Мы молча прошли несколько шагов в поисках моего «фольксвагена» – я купил его, чтобы не таскать на себе виолончели и виолы да гамба и не привлекать к ним любопытных взглядов. Надежда приехала ко мне. Странная это была любовь. Да и красота Надежды Лев была странной, своеобразной: тонкое, изящное тело и круглое славянское лицо, в котором угадывался скуластый, жутковатый лик Чингисхана.
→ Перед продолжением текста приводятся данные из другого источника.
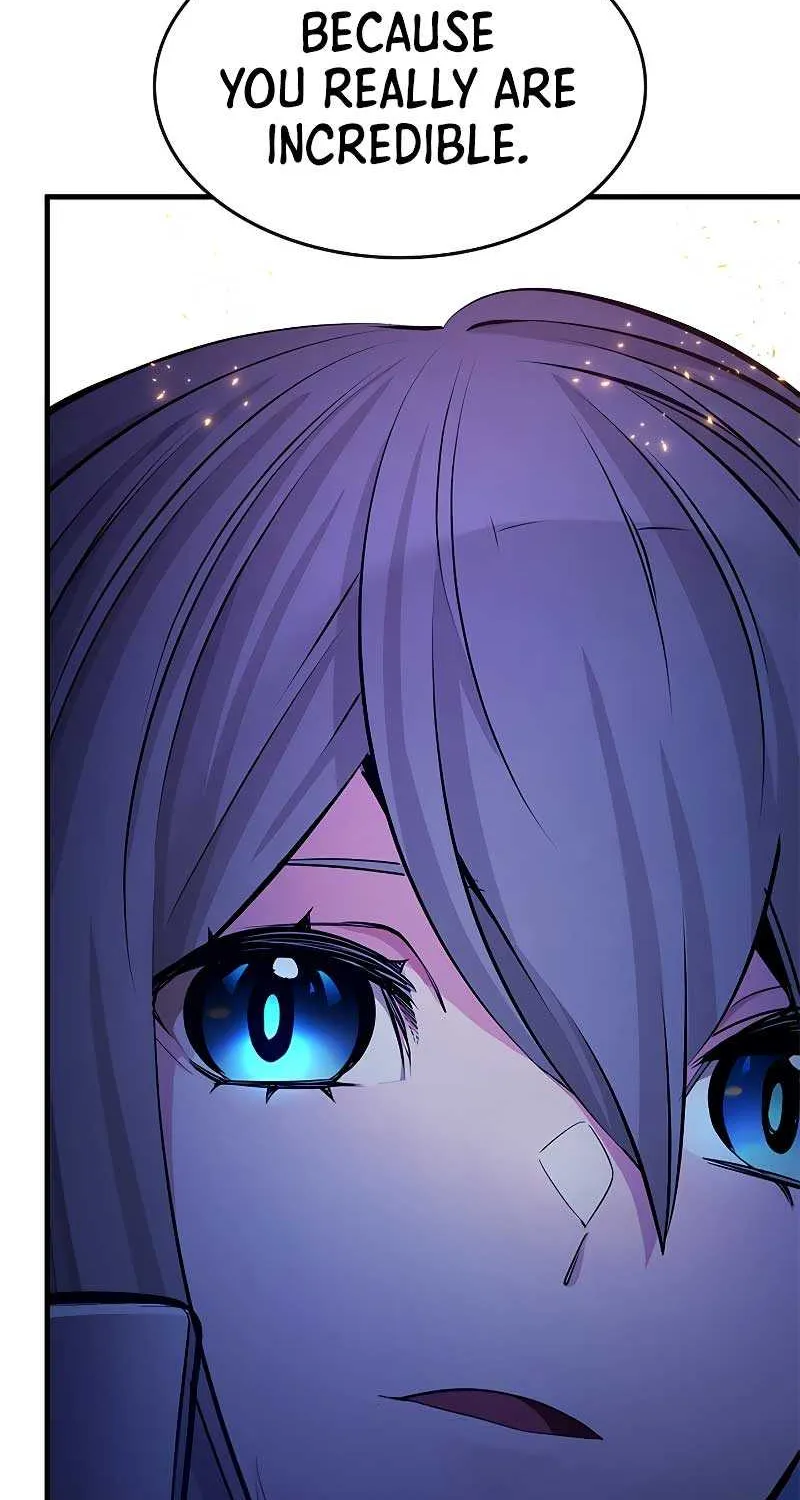 Read The Tutorial Is Too Hard chapter 166 image 46 on Lezhin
Она была безмерно себялюбивой, обладала замечательными данными, которые с течением времени раскрылись во всей полноте и которые дополнялись безграничной гордыней и безграничным презрением к окружающим. Однако за этой чингисхановской внешностью я, к большому своему изумлению, обнаружил совсем иную натуру – двенадцатилетней пухленькой девочки, робкой, неуклюжей и ласковой, которая безуспешно пыталась изобразить великую и пылкую любовь, а на самом деле отличалась нежной, нерешительной, жеманной и робкой чувственностью. Мне помнится, что наслаждение исторгало из наших уст не громкие крики – возможно, она берегла горло; возможно, мне хотелось стонать на кошачий манер, как Дидона, – а нечто вроде мяуканья. Да, именно так: мы буквально мяукали от удовольствия.